When you submit your mortgage application you are required to indicate if the property you are buying is your primary residence or a rental property. A mortgage on your primary residence, a second home or a vacation home is an owner occupied loan whereas a mortgage on a rental property is a non-owner occupied loan.
If your mortgage is classified as owner occupied, then you are usually required to live in the property for at least one year after your refinance closes. In some cases, you are only required to occupy the property for six months after closing but this is relatively unusual.
We recommend that you review your loan documents to understand how long you are required to live in the property and to determine if the lender charges you a penalty if you move out sooner. Although this is somewhat uncommon, some loan documents contain a provision that permits the lender to charge a significant fee if you move out and rent a property too soon after closing a mortgage that was supposed to be on your primary residence.
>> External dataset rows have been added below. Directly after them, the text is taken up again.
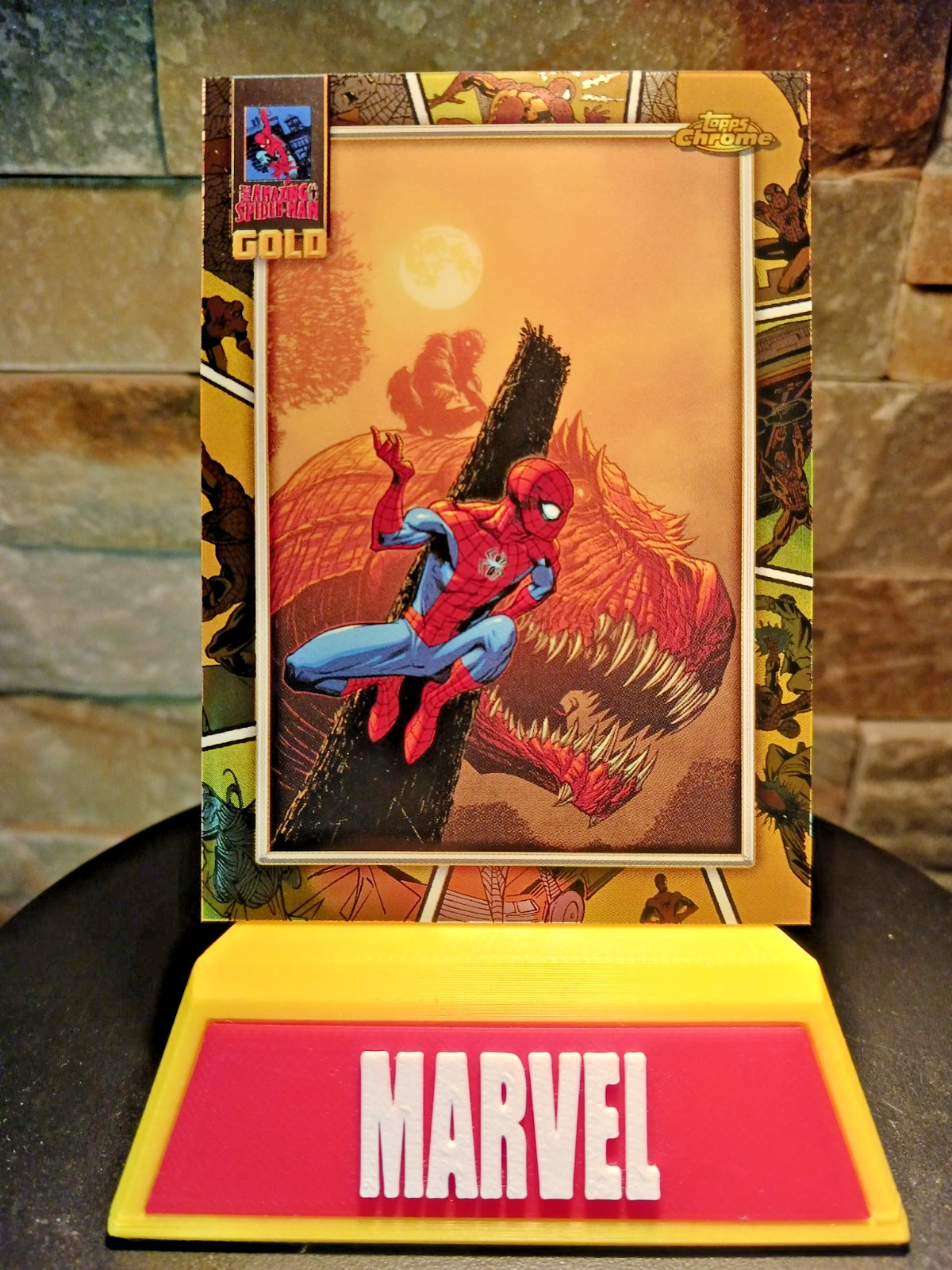 2024 Topps Chrome Marvel Monsters Unleashed #3 #SG-9 "Spider-Man Gold" send PSA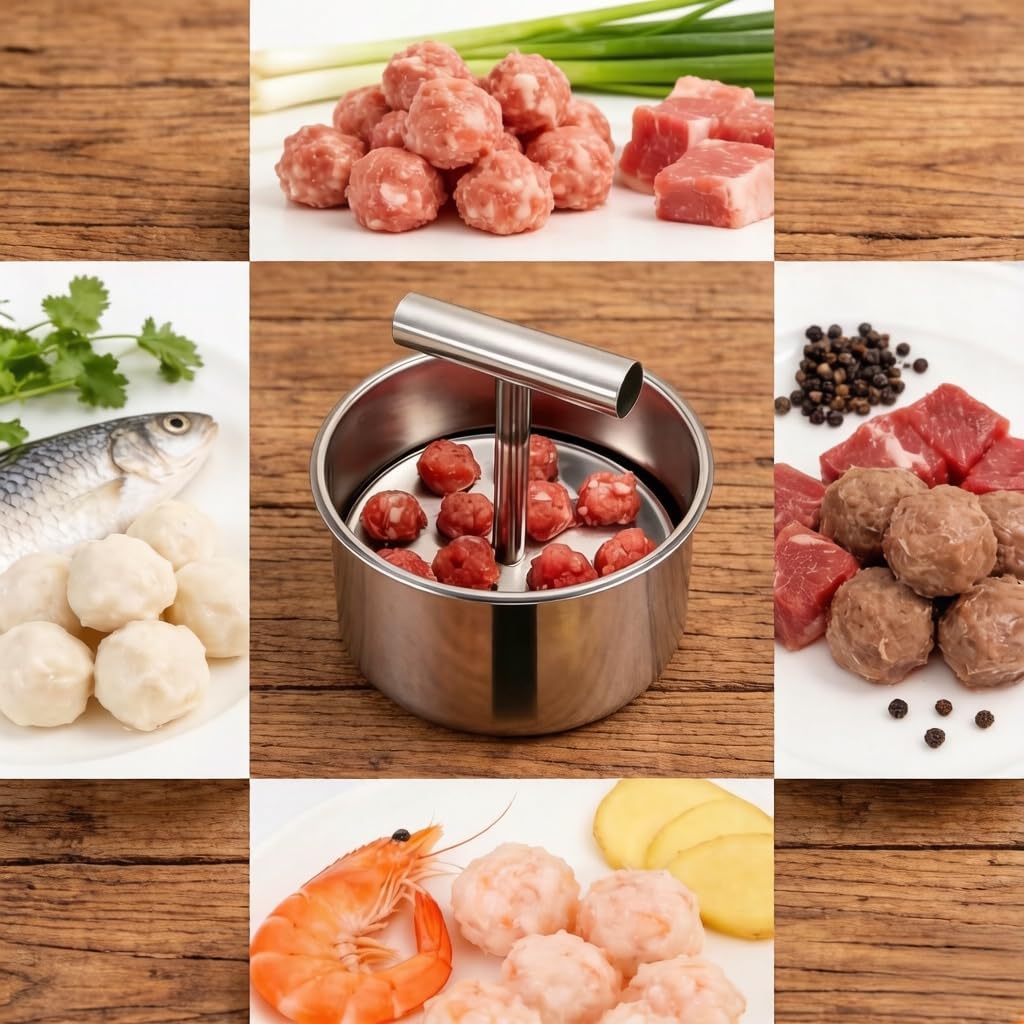 6 Ball Manual Meatball Maker Tool,Stainless Steel Meatball Making Mold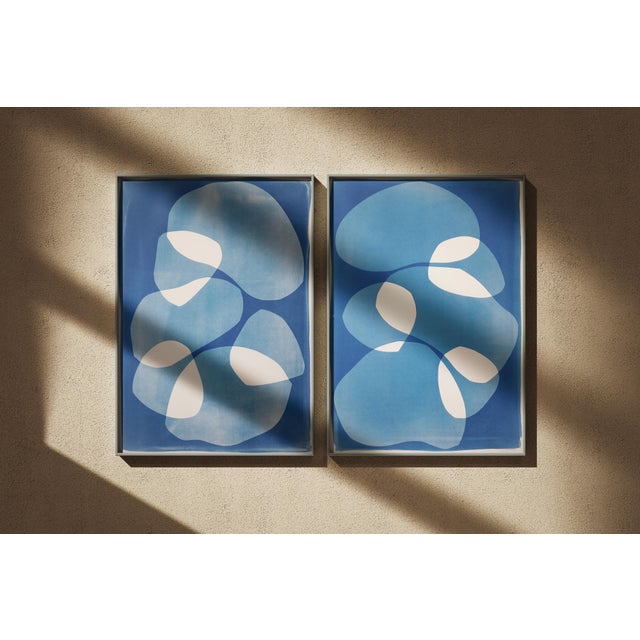 2026, Organic Floating Shapes in Blue Tones, Handmade Monotype Diptych, Our Subtle Differences, Cyanotype on Paper For Sale - Image 9 of 10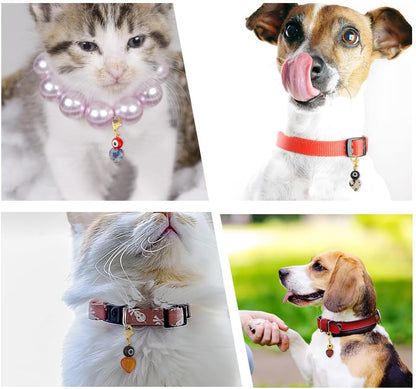 Assorted colors of Delorigin evil eye heart charms for dogs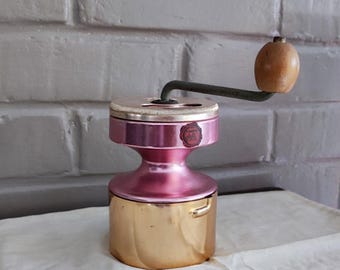 Vintage 1950s HOP Gold Aluminum French Coffee Grinder by AS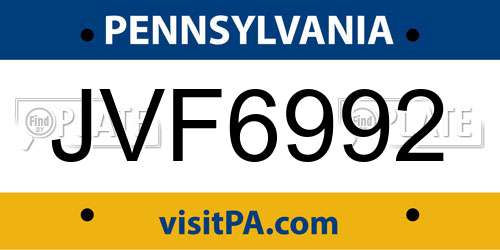 JVF6992 Pennsylvania License Plate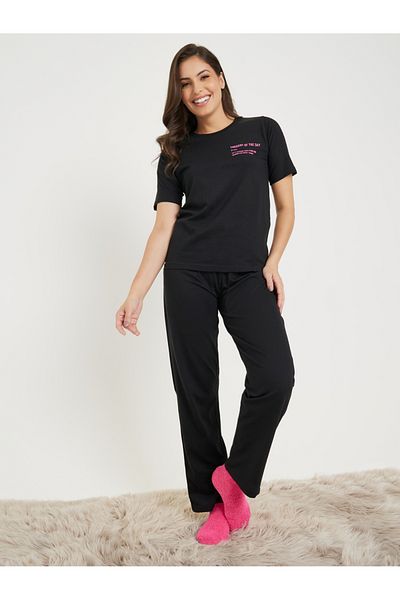 Styli Cotton Slogan Print T-Shirt & Pyjama Set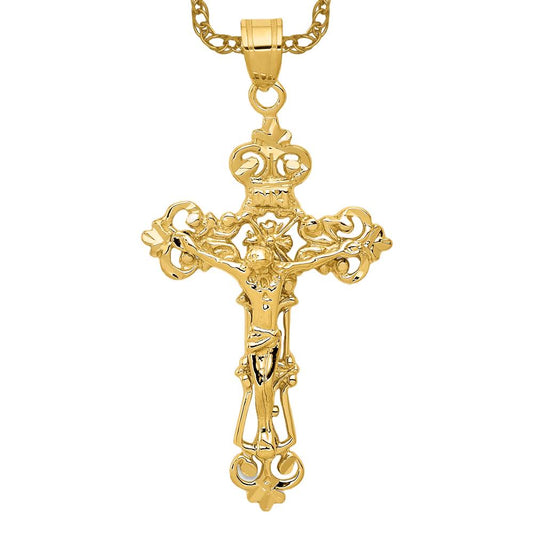 14k Yellow Gold Inri Fleur De Lis Flower Lord Jesus Christ Crucifix Holy Cross Necklace Charm Pendant 46mm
If you intend to occupy the property for at least a year and you may or may not rent the property in the future at the time you apply for the refinance, then you should select primary residence on your loan application. If you fully intend to rent out the property after your refinance closes, especially within a year of closing, then you should select rental property on your application.
Please note that if you indicate on your mortgage application that the property being financed is your primary residence but you never planned to live in the property and always intended to rent it out, this is mortgage fraud, which is a crime.
The reason why it is important to provide accurate information on your mortgage application is because owner occupied and rental property loan terms and qualification requirements are different.
The rate on a mortgage on your primary residence is lower than the rate on an investment property. Additionally, you can usually qualify for an owner occupied refinance with less homeowners equity or a lower down payment.
The table below shows mortgage refinance rates and fees for leading lenders in your area. We recommend that you shop multiple lenders to find the best refinance terms.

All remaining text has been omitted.